Les jours de cueillette de petits pois, on étendait une grande couverture sous l’érable derrière la maison. Maman venait vider sa chaudière et nous écossions la montagne de petits pois dans nos plats Tuperware. Ensuite ils étaient eux aussi mis en pot Mason pour être mis en conserve.
Mais ce n’est pas tout, les tomates pendant ce temps, les 200 plants de tomates plantés en juin se sont chargés de fruits et fin août c’est la récolte la plus importante qui commence…les tomates!
La récolte des tomates se déclinait principalement en deux catégories : les tomates en pot et le jus de tomates!
Pour les tomates en pots, il fallait les ébouillanter dans un grand boiler sur le feu à l’extérieur, équeuter, peler, couper en morceaux, mettre dans les pots Mason, un peu de sel, on ferme le pot, faire encore bouillir, attendre le POP avant la descente au caveau. 
Pour le jus de tomates, les tomates entières équeutées passaient dans l’extracteur à jus. Le jus coulait dans de grands chaudrons, pendant que la pelure et les graines ressortaient au bout de la vis sans fin. Il fallait ensuite faire bouillir ce jus, le mettre en bouteilles ou en pot, POP, POP, POP et en route pour le caveau.
C’était des centaines de pots Mason qui prenaient le chemin du caveau aux légumes pendant toute la période estivale. Le caveau aux légumes chez-nous à l’automne c’était la réserve de légumes pour tout l’hiver pour une famille de neuf personnes et rien ne faisait plus plaisir à maman que de donner à la visite des pots de son inventaire de conserve.
Notre mère s’occupait de toutes ces tâches souvent en chantonnant de vieilles chansons, mais elle se permettait aussi de modifier certaines paroles de chansons populaires à l’époque.
La chanteuse Chantal Paris, dont elle trouvait qu’elle avait de très grands yeux, avait une chanson qui disait :
«Quand je me lève déjà tu n'es plus là, moi je m'ennuie de toi. J'essuie mes yeux et je replie les draps»
La version de maman : «Quand je me lève déjà tu n'es plus là, moi je m’ennuie de toi.

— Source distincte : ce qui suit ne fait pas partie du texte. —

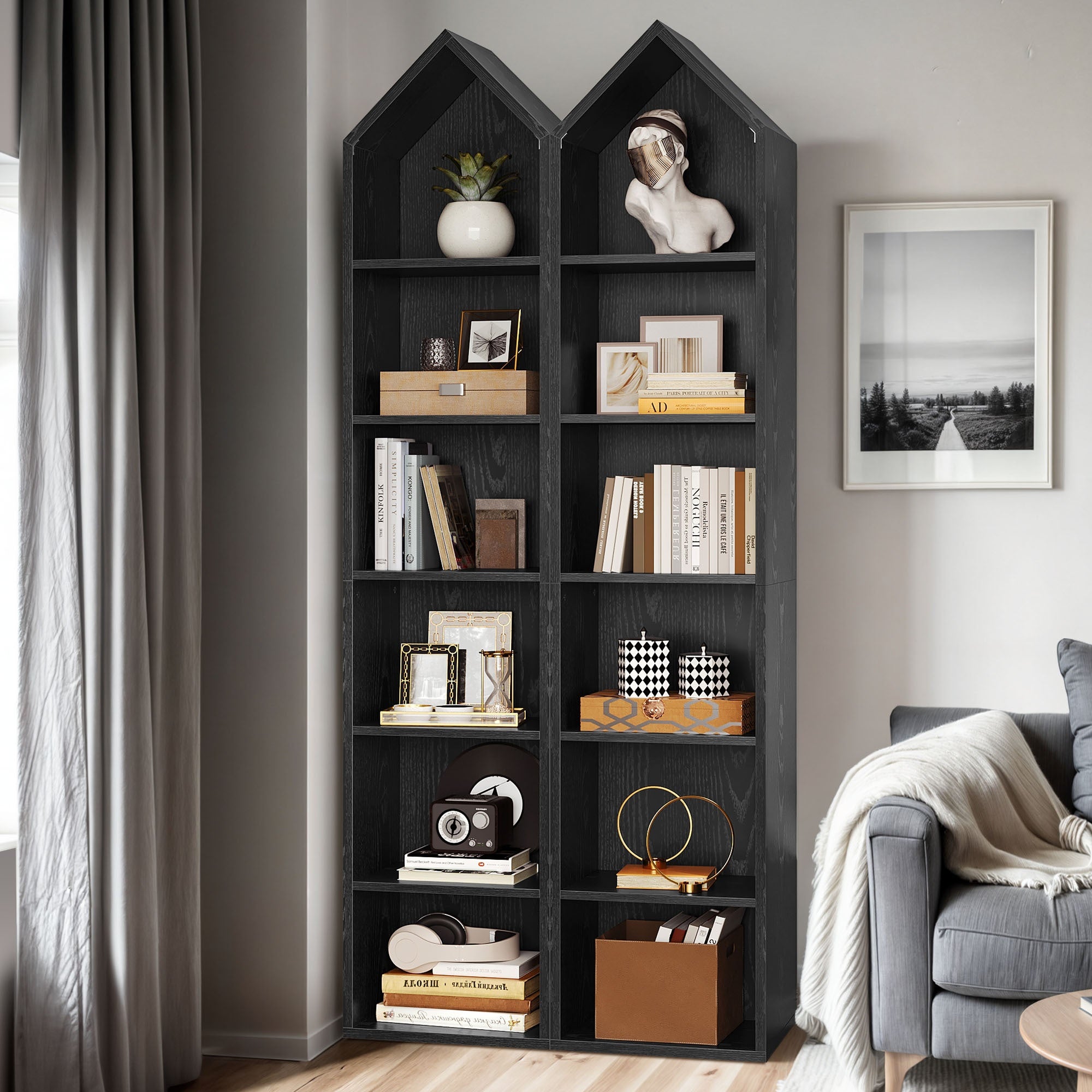 Modern 6- Cube Bookshelf with Adjustable Shelves for Flexible Organization - Embossed black wood panel - Bookshelf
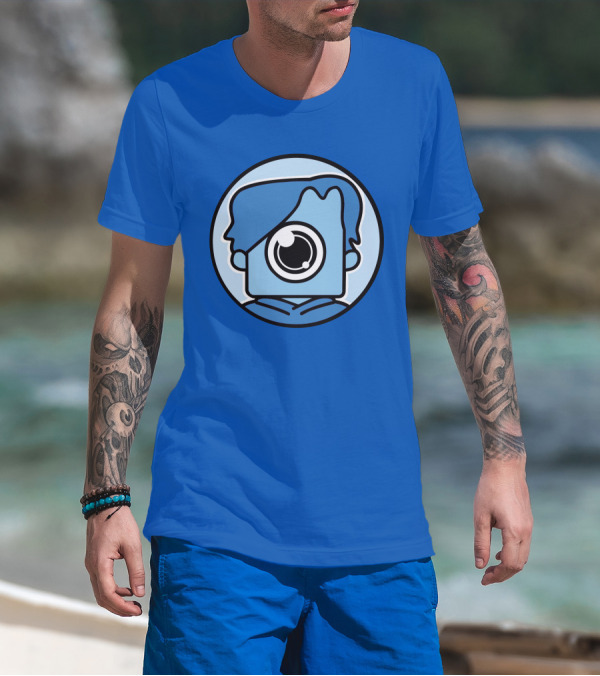 NewScapePro Blue Circle Cartoon Character With Camera Eye T-Shirt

J’essuie mes yeux avec le plus grand drap, moi je m’ennuie de toi…»
Sa parodie de la chanson Le Blues du Businessman lorsque Claude Dubois a eu des problèmes de drogue, était encore un peu plus sarcastique : «J’aurais voulu être un artiste pour pouvoir faire mon numéro» maman continuait ainsi :
«Mais j’ai vendu trop de hachisch, j’me suis ramassé à Bordeaux!» Excusez-la M. Luc Plamondon!
Tous ceux qui t’ont connu, maman, se souviendront toujours de ta bonne humeur et de tes éclats de rire contagieux. Des repas pour des tablées d’une vingtaine de personnes et plus, on a vu ça souvent. La visite tu savais comment la recevoir!
Tes petits enfants savaient toujours ou était le plat de biscuit quand ils arrivaient à la maison. Nous tes enfants savions que nous pouvions compter sur toi pour nous écouter et dédramatiser nos soucis.
Maman tu nous as toujours donné le meilleur de toi-même.
Nous portons tous une partie de ta force, de ton courage, de ta créativité
et de ton sens de l’humour!
De nous tous et de tous ceux qui font partie de nos vies.
TU VIVRAS TOUJOURS DANS LE CŒUR DE CHACUN DE NOUS.
MERCI MAMAN…
Ta fille Mado, tes petits-fils Maxime et Victor;
Ta fille Sylvie, ton petit-fils Adrien, ton arrière petit-fils Baptiste et ta future petite-fille;
Ton fils Normand, ta petite-fille Maegan et ton petit-fils Terry;
Ta fille Guylaine, tes petits-fils Ludovic, Anthony et ta petite-fille Doriane;
Ton fils Stéphane, tes petits-fils Jérémy, Thomas et ta petite-fille Frédérique;
Ta fille Évelyne, ta petite-fille Laurie et ton petit-fils Félix.

Texte composé et lu par Sylvie aux funérailles de Gaétane St-Hilaire
Église de Saint-Louis de Lotbinière, le 30 avril 2017

2 commentaires:

  1. Je me rappelle de som accueil, toujours un non plat à nous faire découvrir... sa passion, son jardin. À ce jour je ne mange pas une "ptite fève" sans penser à elle. Elle fut une tante formidable, elle devait être une mère extraordinaire... elle vous a transmis sa passion.